W takim razie to mogłoby oznaczać, że peel dokonał
generalnej rewizji swoich wcześniejszych krytycznych i
gorzkich opinii ("miejsce pokuty", "Siedziba
bezempatii, zimna lodowata") na końcowe pozytywne
konstatacje? "Jak samiczka pisklę", "troskliwy jak
matka" a nawet "surowy jak ojciec" (mimo wszystko jak
ojciec!) to zdecydowanie zmiana w stosunku do 2 i 3
zwrotki, gdzie jest mowa nawet o wstręcie! Postawa
syna ("kartki nie przyśle") nie ma tutaj znaczenia, bo
ów dom nie ma (przypuszczalnie żadnego) związku z
zachowaniem syna. Może zresztą syn tak został
wychowany albo jest gdzieś daleko?
Poeta, czy ja nim będę, to jeszcze zobaczymy, ma prawo
do przekształcania mowy, do tworzenia czegoś nowego.

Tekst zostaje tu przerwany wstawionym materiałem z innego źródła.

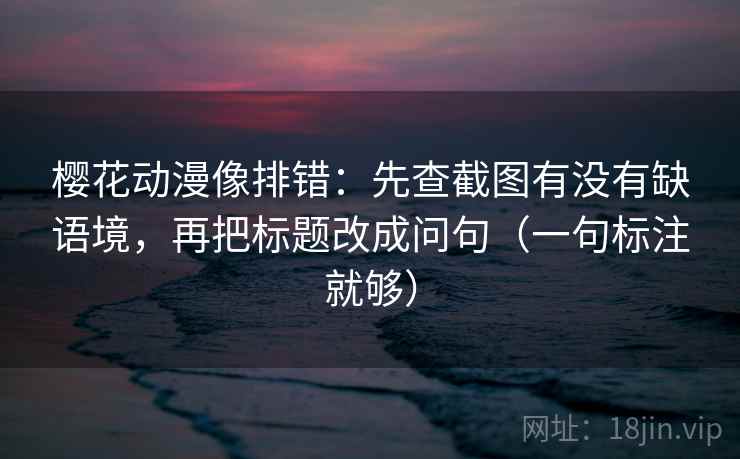 樱花动漫像排错：先查截图有没有缺语境，再把标题改成问句（一句标注就够）
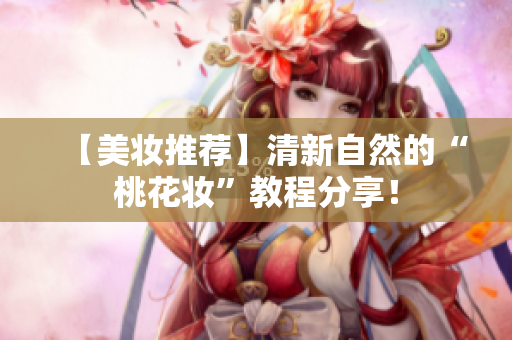 【美妆推荐】清新自然的“桃花妆”教程分享！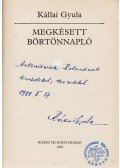 Kállai Gyula - Megkésett börtönnapló (Dedikált)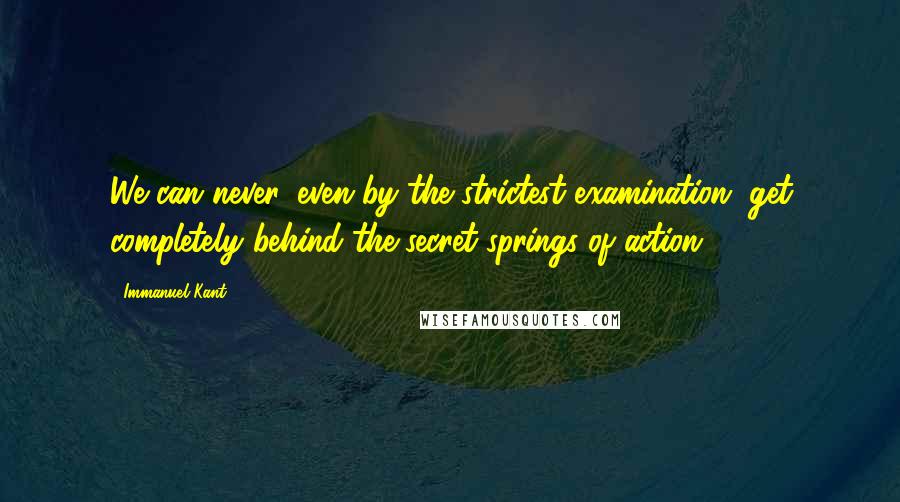 Immanuel Kant Quotes: We can never, even by the strictest examination, get completely behind the secret springs of action.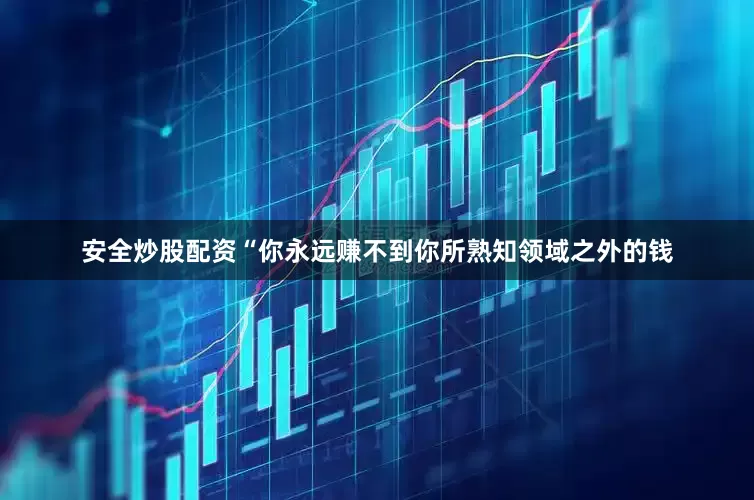 安全炒股配资“你永远赚不到你所熟知领域之外的钱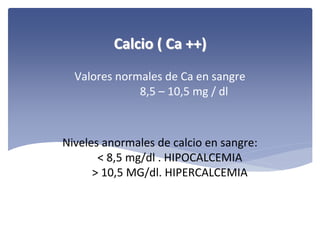 Calcio ( Ca ++)
Valores normales de Ca en sangre
8,5 – 10,5 mg / dl

Niveles anormales de calcio en sangre:
< 8,5 mg/dl . HIPOCALCEMIA
> 10,5 MG/dl. HIPERCALCEMIA

 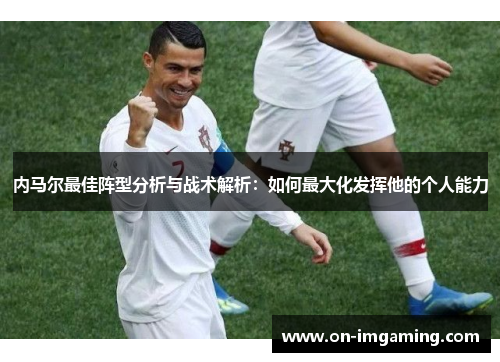 内马尔最佳阵型分析与战术解析：如何最大化发挥他的个人能力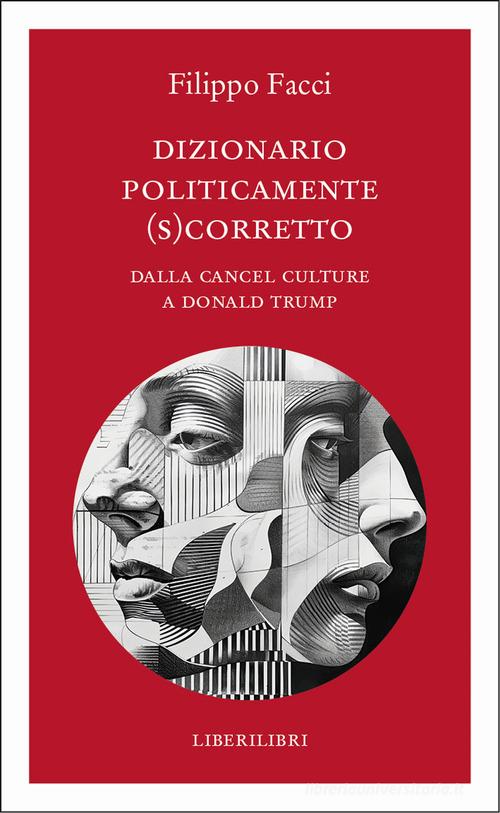 Dizionario politicamente scorretto. Dalla cancel culture a Donald Trump di Filippo Facci edito da Liberilibri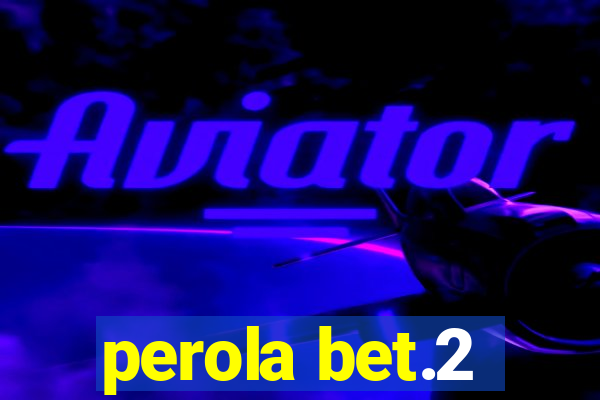 perola bet.2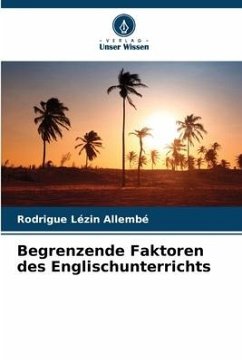 Begrenzende Faktoren des Englischunterrichts - Allembé, Rodrigue Lézin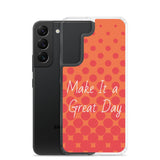 Samsung Mobile Case "Make it a great day"  Affirmation quote Samsung Phone Case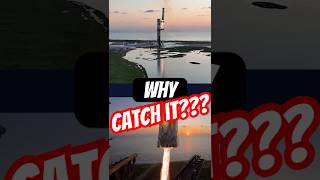 Why does SpaceX catch Starship Rockets [upl. by Natfa136]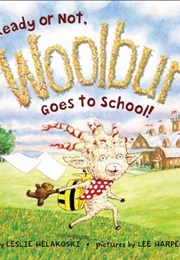 Ready or Not, Woolbur Goes to School! (Leslie Helakosko)
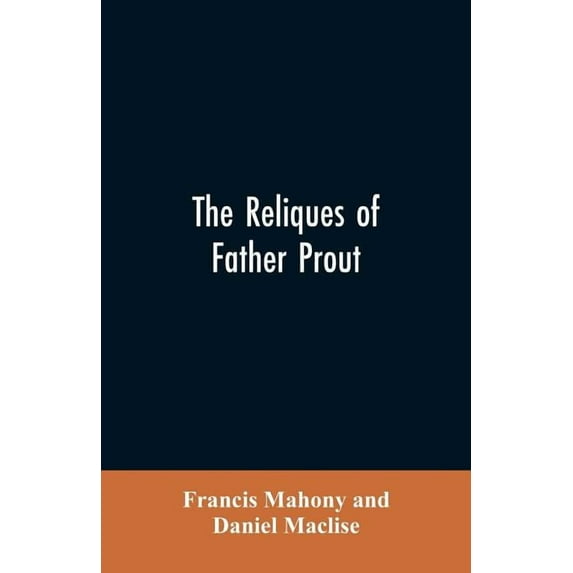 The reliques of Father Prout: late P.P. of Watergrasshill, in the county of Cork, Ireland, (Paperback)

Myśląc tradycyjnie, oczywiście trzeba by napisać
bezempatia osobno. Niech czytelnik potraktuje to słowo
jako neologizm.
Owszem, porównania w ostatniej strofie nie są
wyszukane. Ale nie stoją w sprzeczności do strofy
drugiej i trzeciej. Między trzecią a ostatnią strofą
następuje skok czasowy.
Dziękuję Bożenie i Januszowi Krzysztofowi za krytyczne
spojrzenie.
"bezempatii" w przedostatnim wersie trzeciej zwrotki -
miałoby pozostać napisane łącznie?
[dom] "Był troskliwy jak matka, surowy jak ojciec"
"jak samiczka pisklę" - trzy dość banalne porównania
(notabene stojące w sprzeczności z wersami 2 i 3
zwrotki) zastąpiłbym jednym, ciekawszym, wzbogaconym
metaforą. Pozdrawiam.
ładnie, DPS nie musi być czymś strasznym,pracują tam
wykształcone opiekunki, rehabilitanci, pensjonariusze
są szanowani, ja znam taki zakład :)
Nigdy nie można tracić nadziei.Trzeba wyjść do
ludzi.Serdecznie pozdrawiam :)
Wiele negatywnych opinii krąży o DPS-ach, jednak w
dzisiejszych czasach rodzina wielopokoleniowa, gdzie
byłoby miejsce dla seniorów, odchodzi do lamusa.
Kreujmy więc pozytywne nastawienie do nieuniknionego.